A business cycle refers to the A. Continued expansion in Real GDP. B. Recurrent swings (up and down) in Real GDP. C. Continued decline in Real GDP. D. Period when Real GDP grows at unusually high rates. E. None of the above

Recurrent swings (up and down) in Real GDP.

The base year is the year A. In which prices are unstable. B. In which prices are lowest. C. In which prices are highest. D. That serves as a reference point or benchmark. E. In which nominal output is largest.

That serves as a reference point or benchmark.

Which of the following is counted in GDP? A. The purchase of 100 shares of Microsoft stock B. The services of a real estate broker C. Government transfer payments D. The sale of a used car E. None of the above

The services of a real estate broker

The best reason economists take only final goods and services into account when calculating GDP is that A. This is the way things have always been done. B. They want to avoid the problem of final counting. C. They want to avoid the problem of double counting. D. This is the only way things can be done.

They want to avoid the problem of double counting.

The gap between exports and imports in a nation's economy is called the ___________. A. Trade surplus B. Trade balance C. Trade deficit D. Trade inventory

Trade balance

Is it possible for a country with a relatively large GDP to have a relatively small per-capita GDP? A. Yes, since the country with a relatively large GDP could have a relatively large population.

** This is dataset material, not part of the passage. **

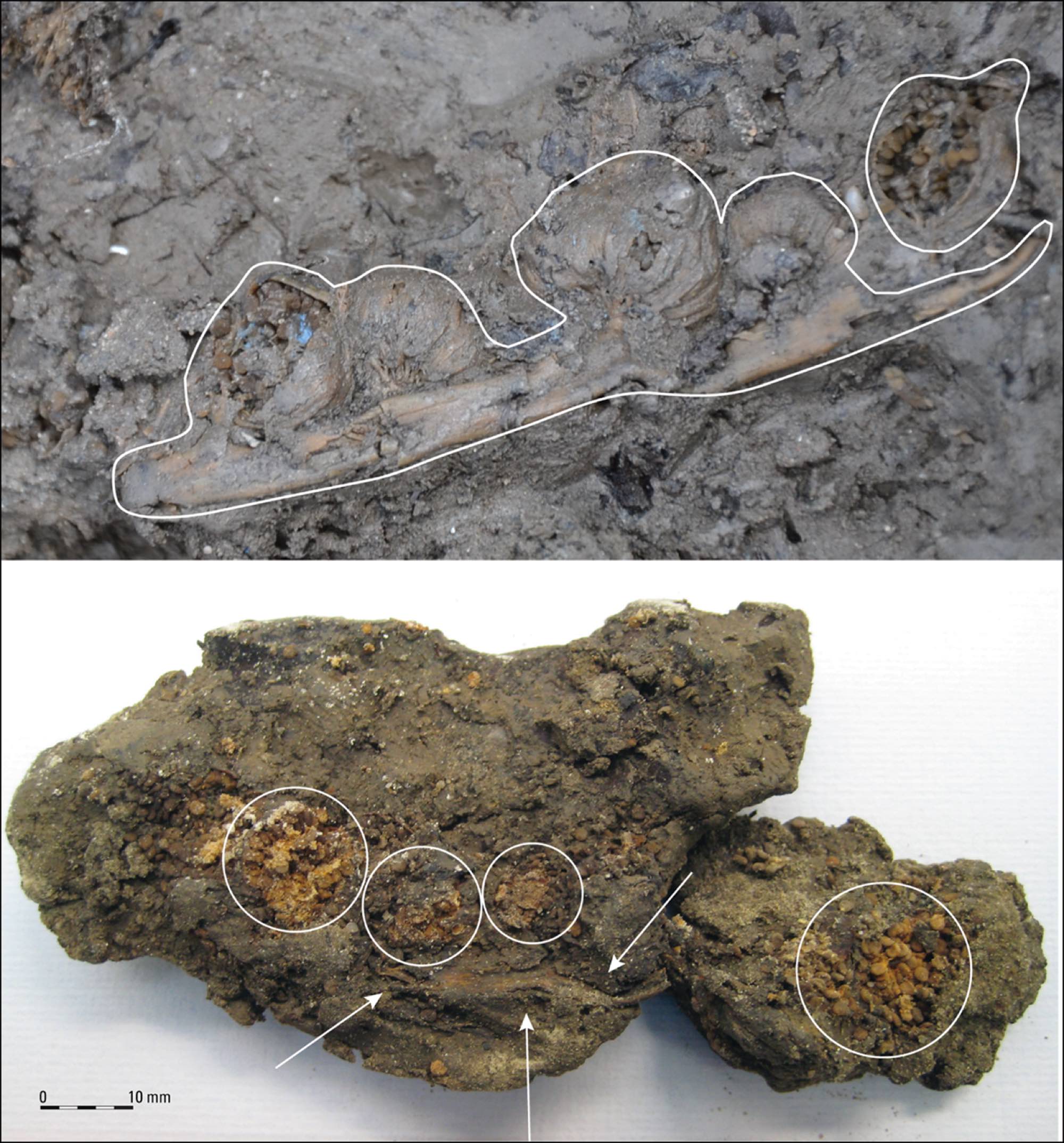 Two photographs of a black henbane flower head from Houten-Castellum: the find in the field above and in the lab below, with white outlines marking seed clusters and the stem.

B. No, since countries with a relatively large GDP (such as the United States and Japan) also have relatively high per-capita GDP. C. Yes, but only under the condition that the country "produces" relatively more "bads" than other countries. D. Yes, since government transfer payments may be exorbitantly high in the country with the relatively high GDP. E. There is not enough information to answer this question.

Yes, since the country with a relatively large GDP could have a relatively large population.